Sam Greydanus. March 2018. MIT License.
Oregon State University College of Engineering. Explainable AI Project. Supported by DARPA.
Written in PyTorch
This is a PyTorch implementation of contrastive excitation backprop (EB) (see this paper and original code in Caffe). The idea of EB is to visualize what causes a given neuron to fire. We perform backprop only on positive weights and keep the gradient normalized to 1. The gradient on the original image can then be loosely interpreted as the probability that a given pixel will excite that neuron.
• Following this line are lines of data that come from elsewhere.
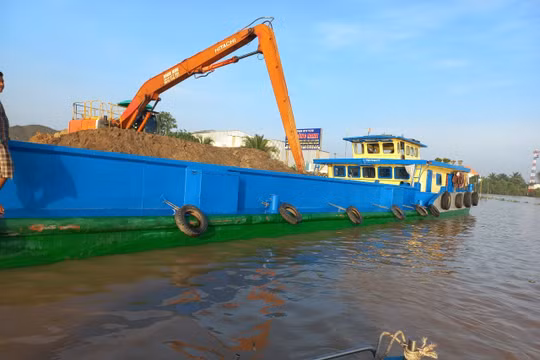 Buộc hạ tải 3 phương tiện đường thuỷ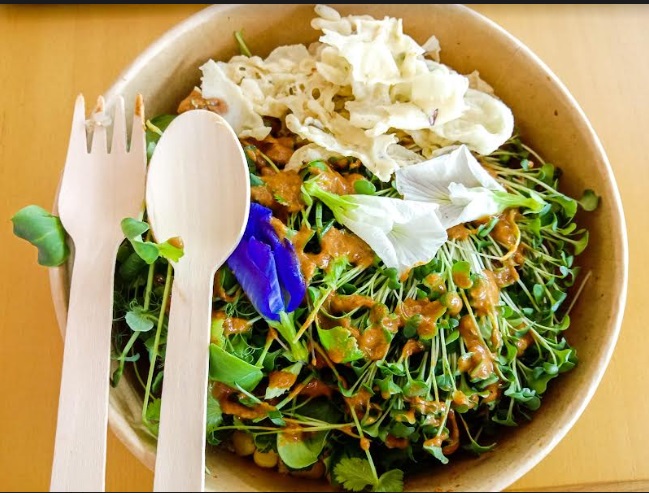 Makanan di Greens Hyperlocal Metafarming Station. (Foto: Ist)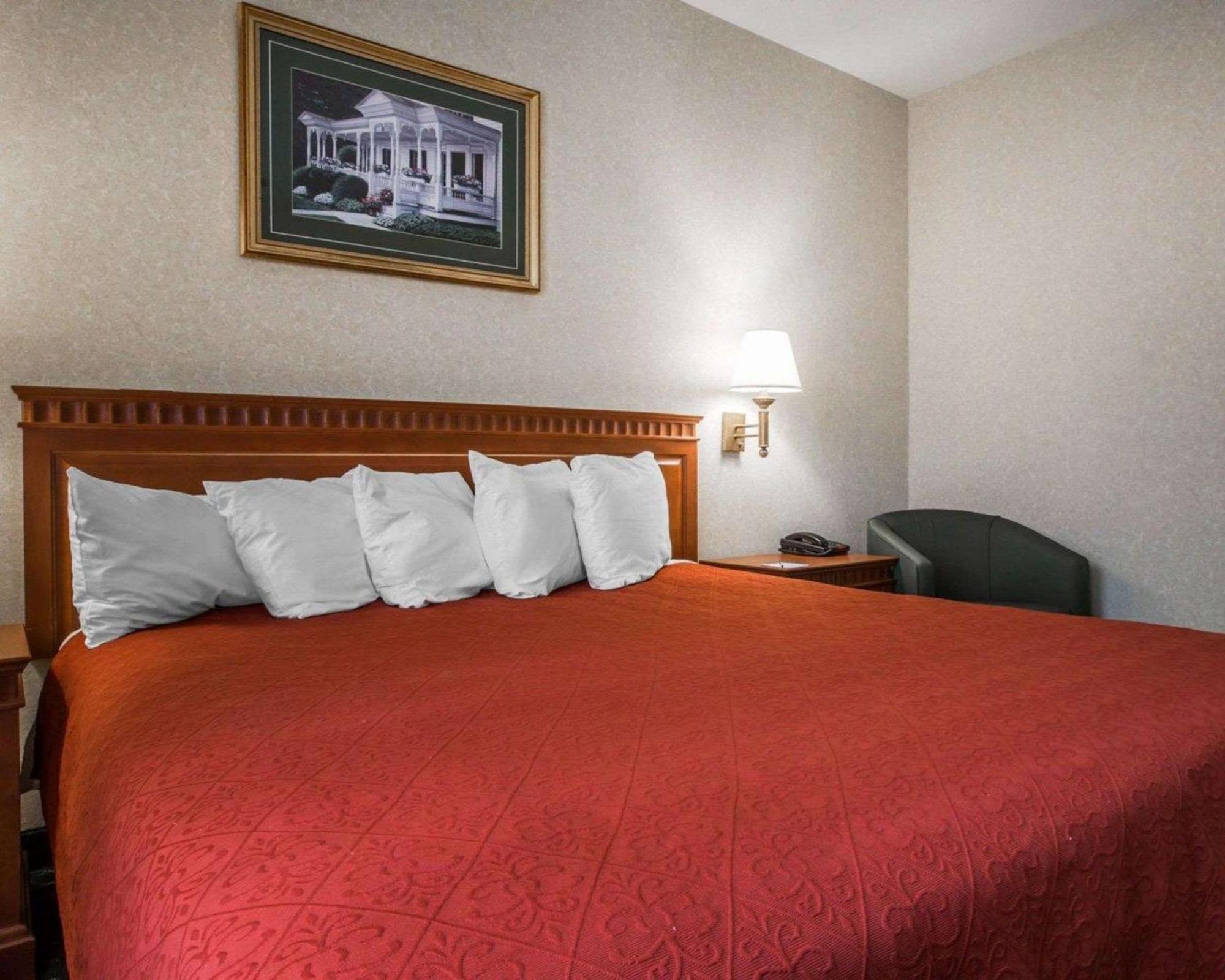Econo Lodge Glens Falls - Lake George Dış mekan fotoğraf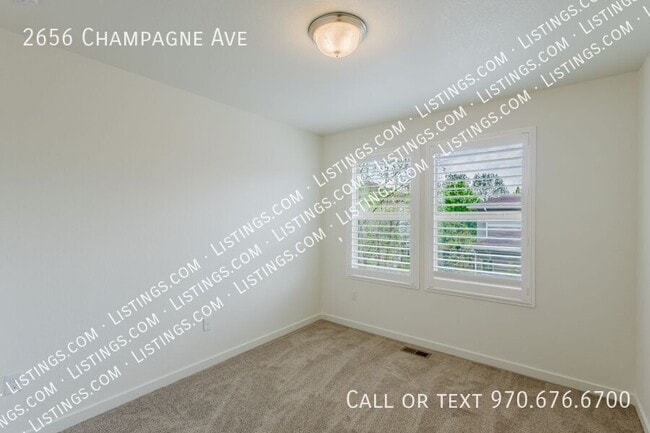 Building Photo - 2656 Champagne Ave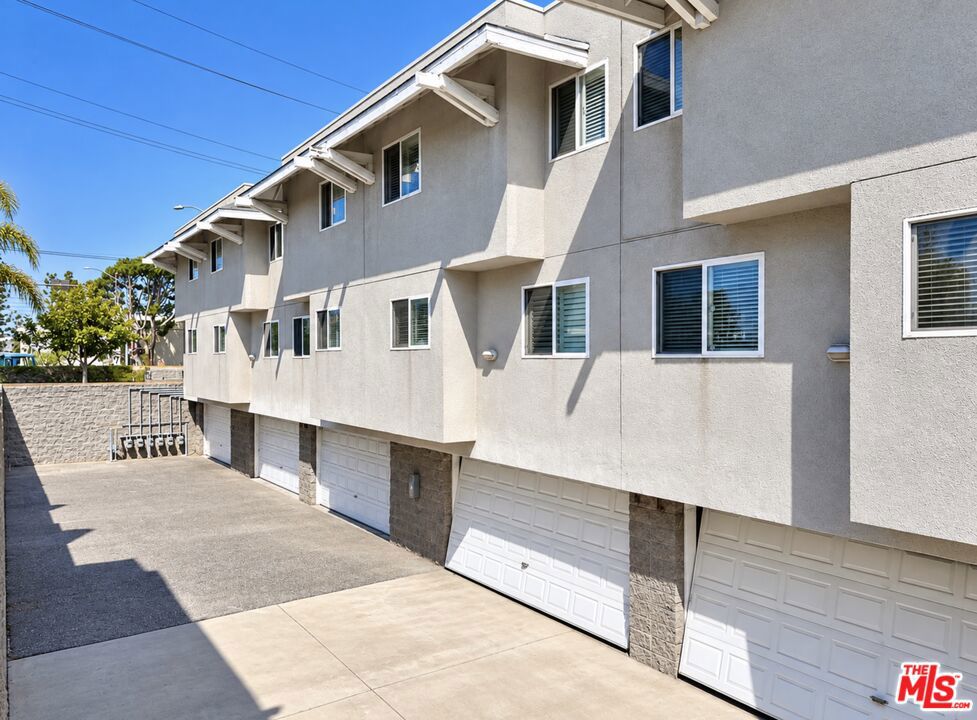 627 W Regent Street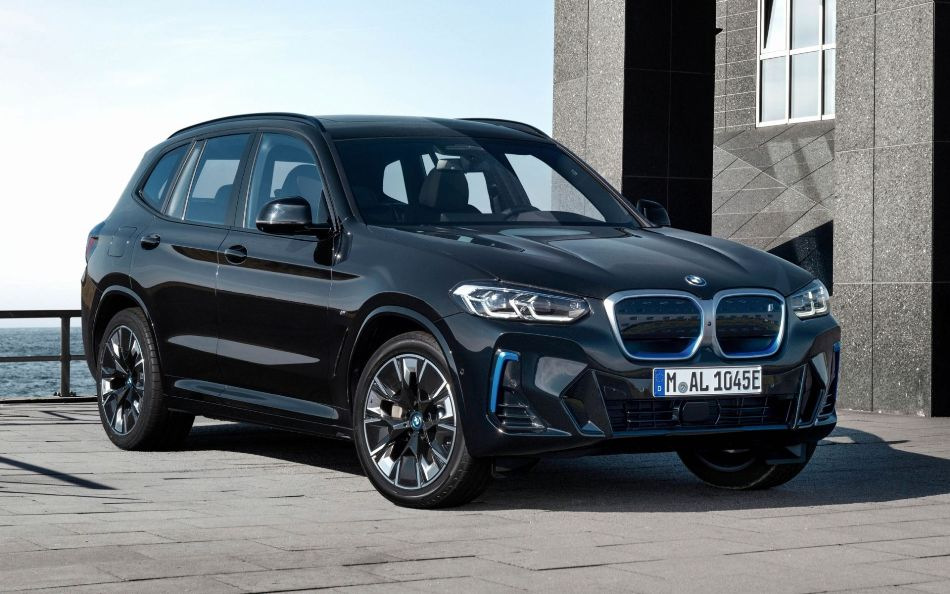 BMW iX3 2021 : examen détaillé du crossover électrique mis à jour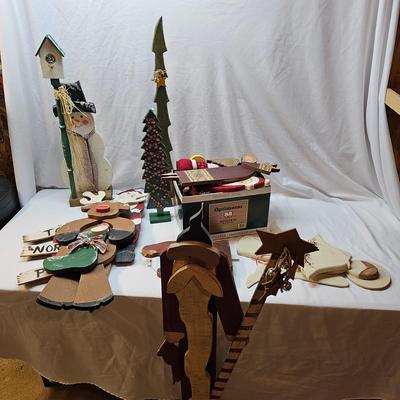 Miscellaneous Wood Christmas Cutouts, Yard Stakes, Table Sitters & More  (S1-JS)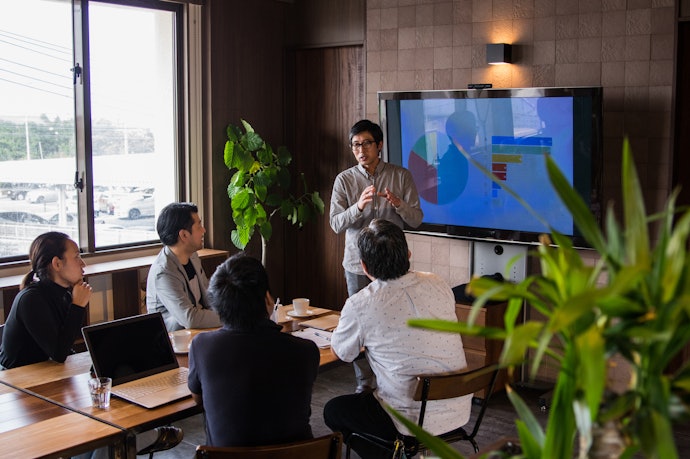 Công Suất Máy Trợ Giảng Phù Hợp Với Diện Tích Sử Dụng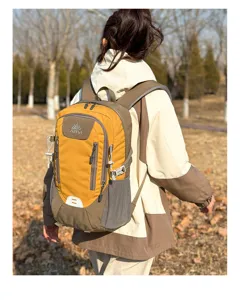 Wasserdichter Outdoor-Rucksack fuer Wandern, Reisen und Sport. Modernes leichtes Design.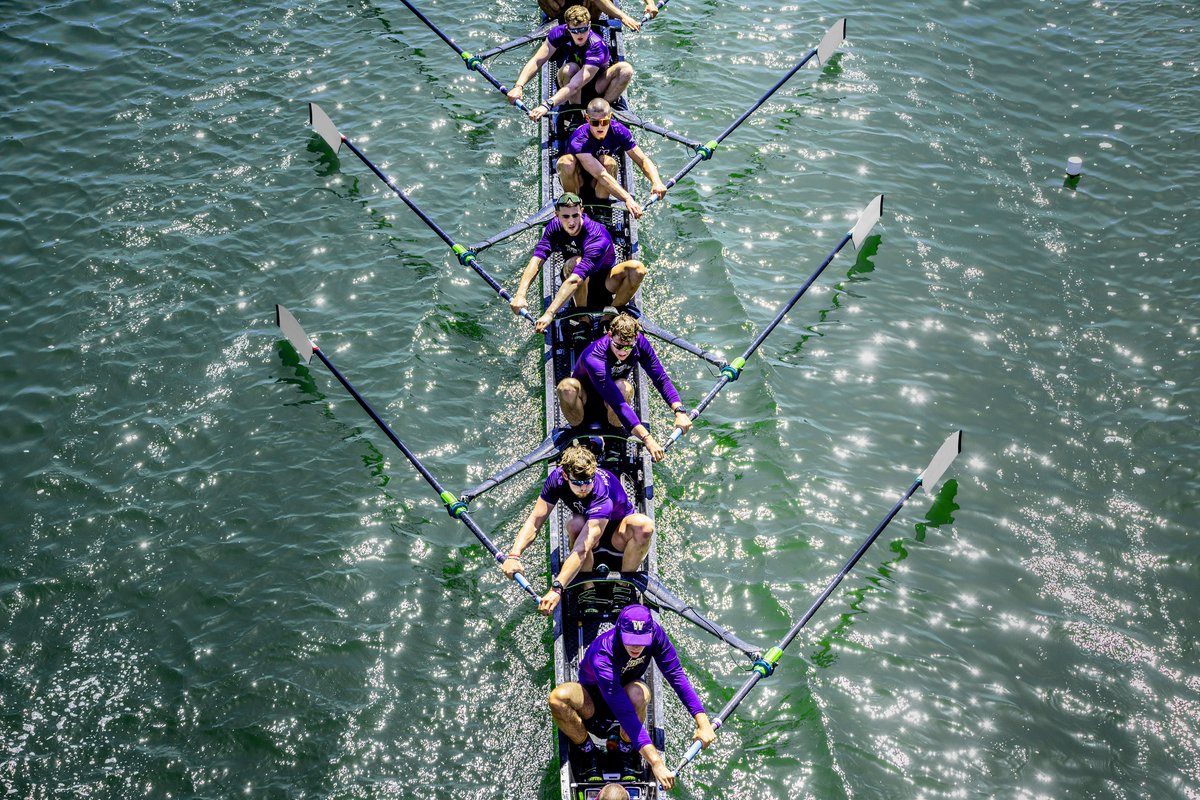 The UW men's & women's rowing teams competed against long-time rival Cal on Saturday. The men won four of five races overall with the Varsity Eight winning their race and reclaiming the Schoch Cup! @UW_Rowing @UWAthletics #TheBoysInTheBoat #RowingU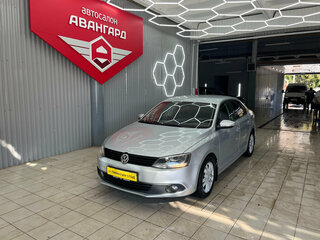 2012 Volkswagen Jetta VI, серебристый, 943000 рублей, вид 3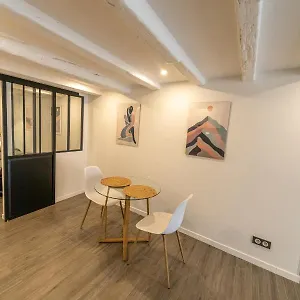  Appartement Confortable 2 Pieces Au Coeur Du Centre Historique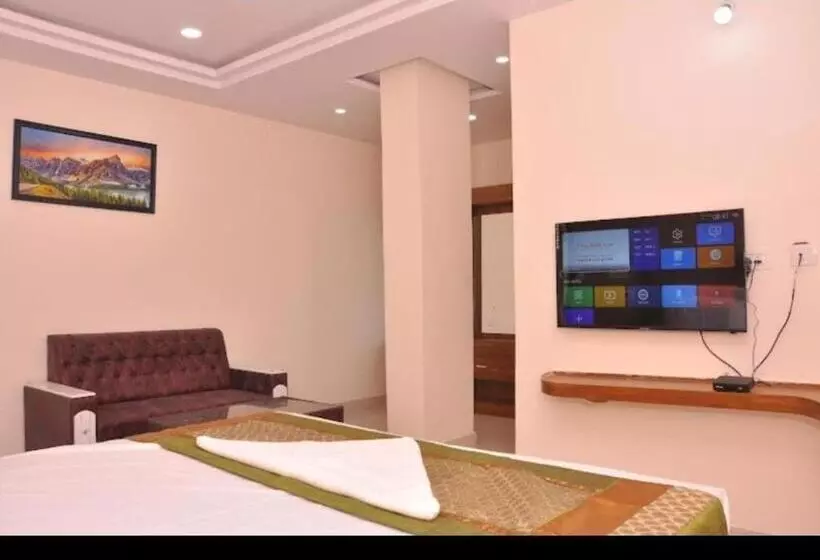 Hotelli Rns Residency & Restaurant Badepalle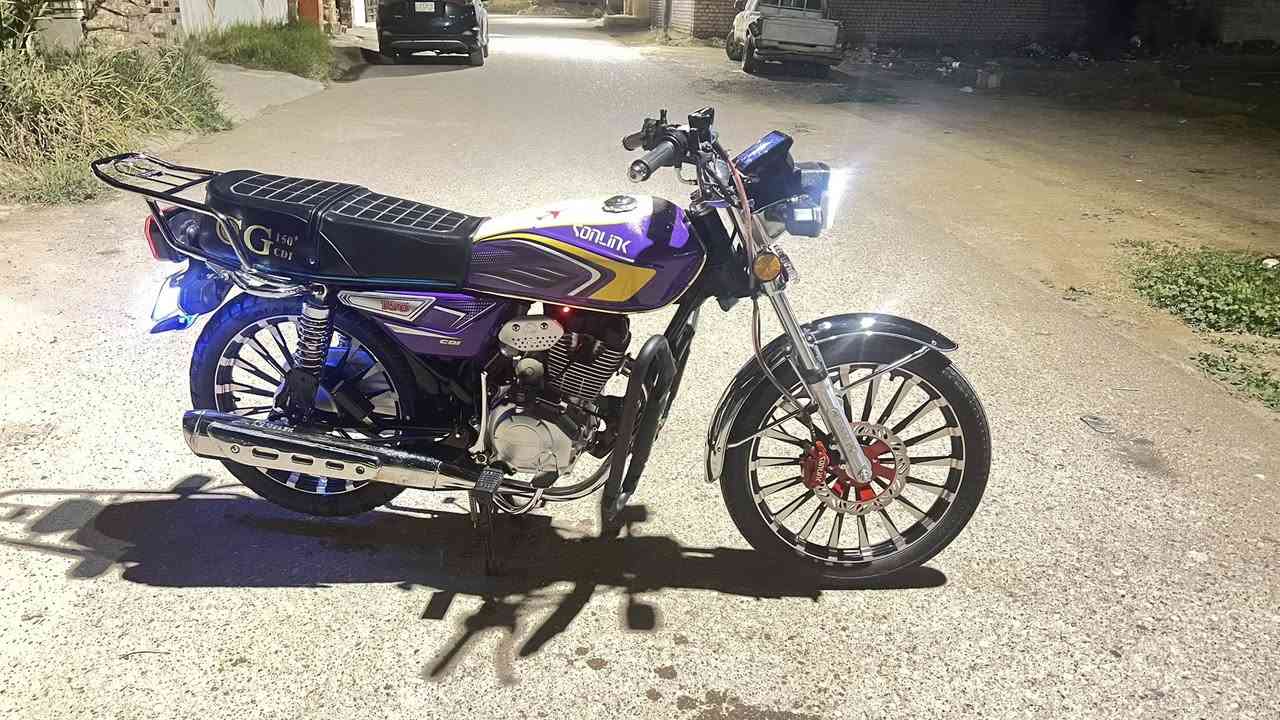 السلام عليكم موطور للبيع موديل 26 بعده زيرو ماشي 2000 دراجه نضيفه اي عيب ما بيه السعر 825 وبيه                  مجال للشرايه


**إذا كنت صاحب هذا الإعلان وتريد حذفه لأي سبب، رجاءا أرسل رسالة إلى الدعم الفني**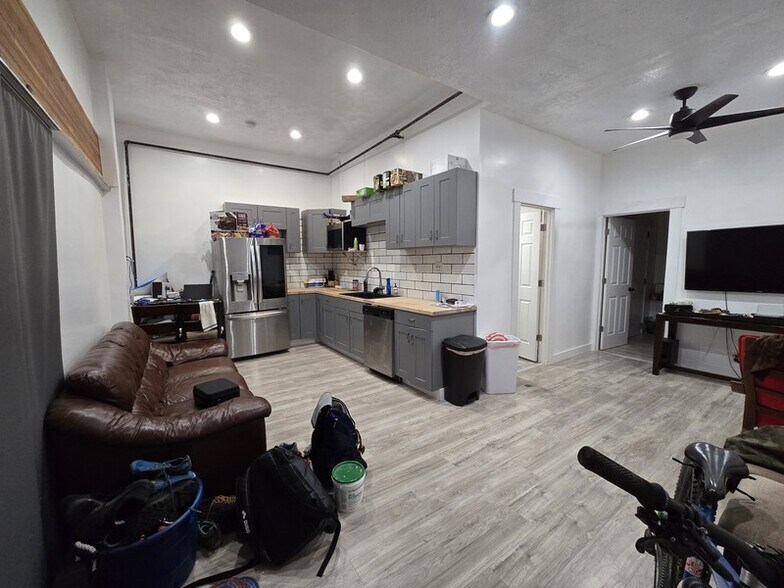 Building Photo - 918 3385 S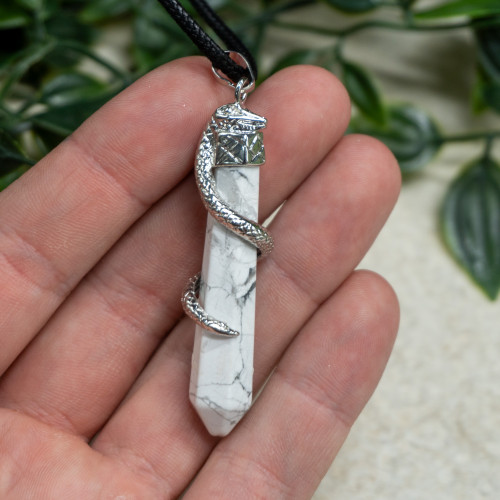 Howlite Silver Snake Pendant Random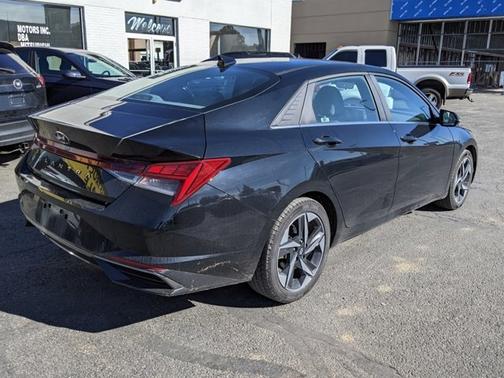 2021 Hyundai ELANTRA SEL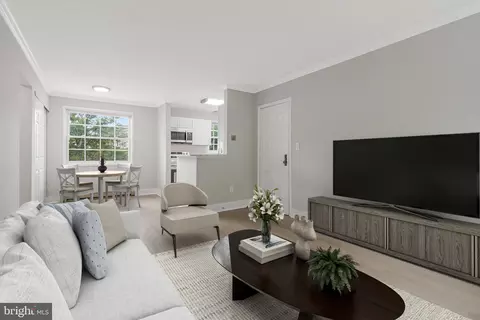 1724 W Abingdon Dr #201, Alexandria, VA 22314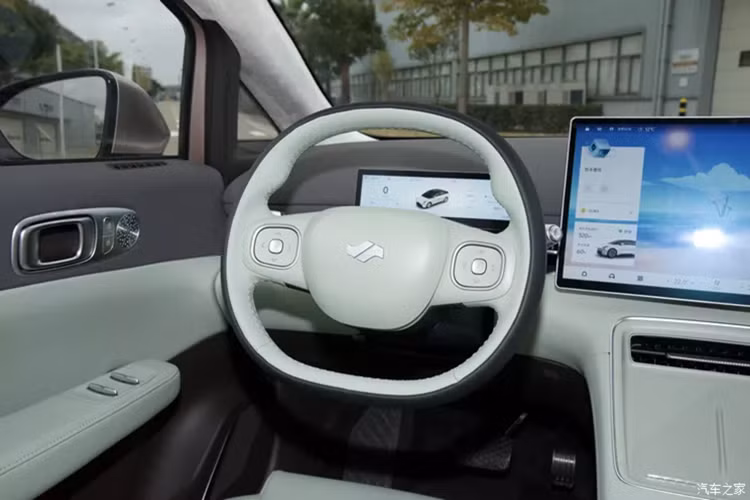 Nội thất của Geely Geexiang AIR được lấy cảm hứng từ hạng thương gia hàng không, với thiết kế mềm mại bao quanh làm bằng vật liệu thân thiện với môi trường và tốt cho sức khỏe. Nhìn về tổng thể thì thiết kế nội thất xe đơn giản và thống nhất, hạn chế tối đa các nút bấm vật lý.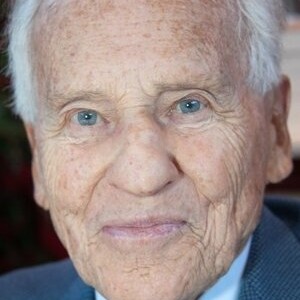 Жан д’Ормесон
Contrastive EB is a little different. We backprop both a positive and a negative activation of the neuron of interest through the layer immediately below it. Then we sum these two signals and perform EB over the remaining layers as usual. This signal can be loosely interepreted as the probability that a given pixel will:
- excite the neuron.
- not inhibit the neuron.
We performed experiments on
- a fully-connected MNIST classifier (see
tutorial-mnist.ipynb
) - a VGG16 ImageNet classifier (see
tutorial-imagenet.ipynb
)
A minimal example of how to install/use this project:
# clone the repo
git clone https://github.com/greydanus/excitationbp.git
# enter the repo
cd excitationbp
# install the package
python setup.py install
# enter the python command line
python
# import the EB module
import excitationbp as eb
# enter excitation backprop mode
# (this replaces some of PyTorch's internal autograd functions)
eb.use_eb(True)
# perform excitation backprop
# model: a PyTorch module
# inputs: a PyTorch Variable that will be passed to the model
# prob_outputs: probability distribution over outputs
# (usually all zeros except for a 1 on the neuron you want to inspect)
# contrastive: boolean, whether to use EB or contrastive EB
# target_layer: int, relates to layer we want to visualize. 0 refers to input
prob_inputs = eb.utils.excitation_backprop(model, inputs, prob_outputs, contrastive=False, target_layer=0)
Check out the two Jupyter notebooks for detailed examples.
Regular EB (has a hard time separating neuron-specific signals)
Contrastive EB (separates neuron-specific signals well)
Contrastive EB to a mid-level conv. layer
I trained a simple fully-connected network on MNIST data + noise. Regular EB, again, had a hard time separating neuron-specific signals.
Contrastive EB separated the '1' vs '5' signals.
Computing a regular EB signal requires a single forward pass and a single backward pass. The same goes for the contrastive EB signal now (as of this update)
All code is written in Python 3.6. You will need:
- NumPy
- Matplotlib
- PyTorch 0.3+: easier to write and debug than TensorFlow :)
- Jupyter